For my builds that have a base plate hsf I use the spread method whether ihs or raw die.

Direct heatpipes i use the line.
 
Last edited:
I know folks here might faint when they read this, but I just used the preinstalled TIM on the new HSF. It was actually checkerboarded on the base instead of a solid coating like AMD’s WS cooler had. Like I said, so far so good, temps are much better managed now.
 
I know folks here might faint when they read this, but I just used the preinstalled TIM on the new HSF. It was actually checkerboarded on the base instead of a solid coating like AMD’s WS cooler had. Like I said, so far so good, temps are much better managed now.
I've used the stock TIM on heatsinks before, totally acceptable unless it's really poor or if you want to get the absolute best out of your cooler then you can probably shave another 3-5c if your lucky with some aftermarket stuff, on the whole most of works fairly adequately though.
 
I know folks here might faint when they read this, but I just used the preinstalled TIM on the new HSF. It was actually checkerboarded on the base instead of a solid coating like AMD’s WS cooler had. Like I said, so far so good, temps are much better managed now.

By all means use the factory application, as long as there is no dust/debris in it. Typically OEM pastes are equivalent to MX2.
 
Line method will provide better temperatures on the coolers where the base and the pipes have gaps. Reason being, much of the TIM will push into the gaps rather than across the IHS.
??? That would depend on the direction you lay down the lines, the placement of those lines, and how much TIM is applied. I don't see where it makes a difference as long a full coverage is achieved, no insulating air is trapped between mating surfaces, and excess TIM is kept to a minimum. And to me, that is the same criteria regardless the method used.

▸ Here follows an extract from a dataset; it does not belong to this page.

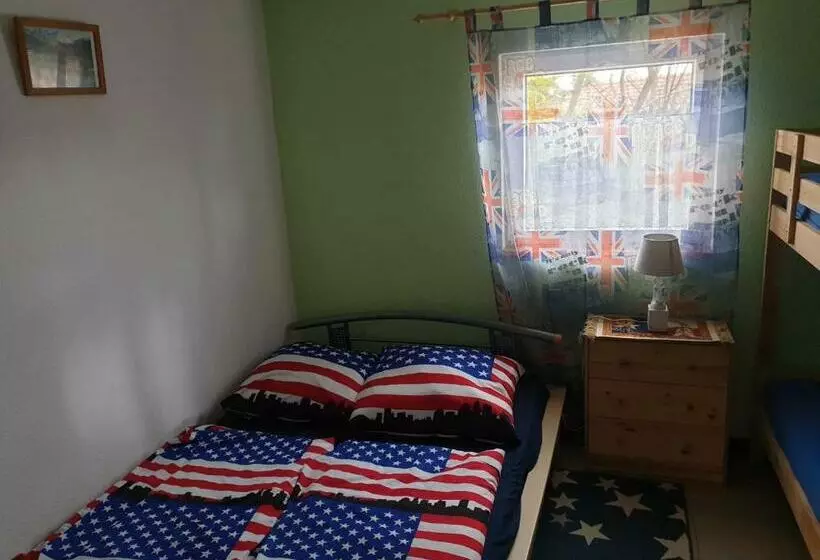 تختخواب و صبحانه Iowa Room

I know folks here might faint when they read this, but I just used the preinstalled TIM on the new HSF.
10 -15 years ago, it would have been frowned upon to use the OEM TIM. But cooler and CPU makers heard the complaints. So not only are today's OEM coolers much more efficient (and quieter) but the OEM TIM is much more efficient these days too.

These days, I use the OEM TIM and only use after market TIM if I have to pull the cooler for some reason (never reuse old TIM).

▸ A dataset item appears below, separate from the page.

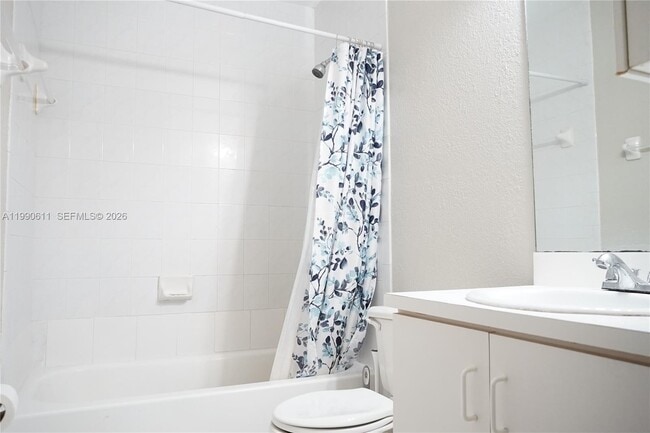 331 NW 82nd Ave in Miami, FL - Building Photo - Building Photo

then you can probably shave another 3-5c if your lucky with some aftermarket stuff
That's the thing. If you "need" that extra 3 - 5°C to keep from reaching or crossing the thermo-protection thresholds, you have other pressing matters in need of your attention first - like case cooling or the CPU fan itself.
Watch Time Frame 3:14+
Yeah, I have watched that before. Looks like they are using 10 times too much to me. TIM should NOT be a layer sitting between the mating surfaces. The best (and fastest) transfer of heat occurs with direct metal to metal contact. All the TIM needs to do is fill the tiny gaps and microscopic pits and valleys in the mating surfaces so insulating air cannot get in. Any excess is in the way regardless how efficient the TIM is. Not to mention, if you apply too much, you risk it getting squished out and onto some place it does not belong.